Shotguns have come a long way since John Moses Browning introduced the M97 to the world. In modern day warfare shotguns serve to solve a number of different tasks such as breaching, close quarters battle, and even nonlethal methods of adversary control. They are truly the multi-tool of weapon systems.
When the United States decided to enter WWI they understood the brutality of trench warfare. They learned this by observing our allies and the casualties they sustained the three years prior to the U.S. entering the war.
The trench gun was developed for one main purpose. The goal was to provide American troops with the capability of delivering a maximum amount of destruction at close range in a short amount of time.
The M97 quickly accomplished this goal and was so efficient at this task that the German government tried to have it outlawed in 1918 under the umbrella of the “law of war”. They pleaded that the M97 “Trench Sweeper” was inhumane and caused unnecessary suffering. This is also the only known documented occasion in which the legality of a shotgun has been raised in combat.

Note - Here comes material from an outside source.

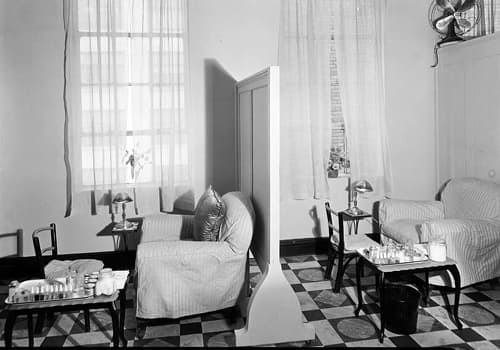 1934 Pedicure cubicles in the New York Salon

Needless to say, the U.S. ignored their plea and continued to field the weapon throughout the war and years after with great success.
The Winchester Model 1897 Trench Gun is unique in a couple ways. Unlike shotguns of modern times, the M97 has an external hammer. It is outfitted with a 20 inch barrel, which makes it a nice compact package for tight spaces. It is also outfitted with a steel heat shield to protect the operator’s hands from burns under high rates of fire.
A bayonet lug attachment was also added to allow the attachment of the M1917 bayonet. I mean, how cool is that! A bayonet on a shotgun, “the ultimate close quarters weapon”. Just in case 00 buck doesn’t do the trick, you can stab the enemy to death too.
The M97 can be broken down completely in half in less than 10 seconds. That is nice in the event you want to throw it in a pack or conceal it.
The feature I like the most about the M97 is the lack of a trigger disconnector. This allows the shotgun to “slam fire”, which means the operator can continually depress the trigger and work the pump action until empty, making the shotgun one of the fastest pump actions ever produced.
I think it’s important we recognize that we as American gunmen have a tendency to over-complicate and trick-out our tools of the trade. I do however believe there is something to be said about an old school down and dirty force multiplier. I believe the M97 is a perfect example of this.
I have to say I have an M97 and to this day it is my favorite go-to weapon for close-in work. I’m not saying I don’t get wrapped up in the modern day tools of the trade, because I do, but there is something cool about wielding a weapon that is almost a century old with confidence.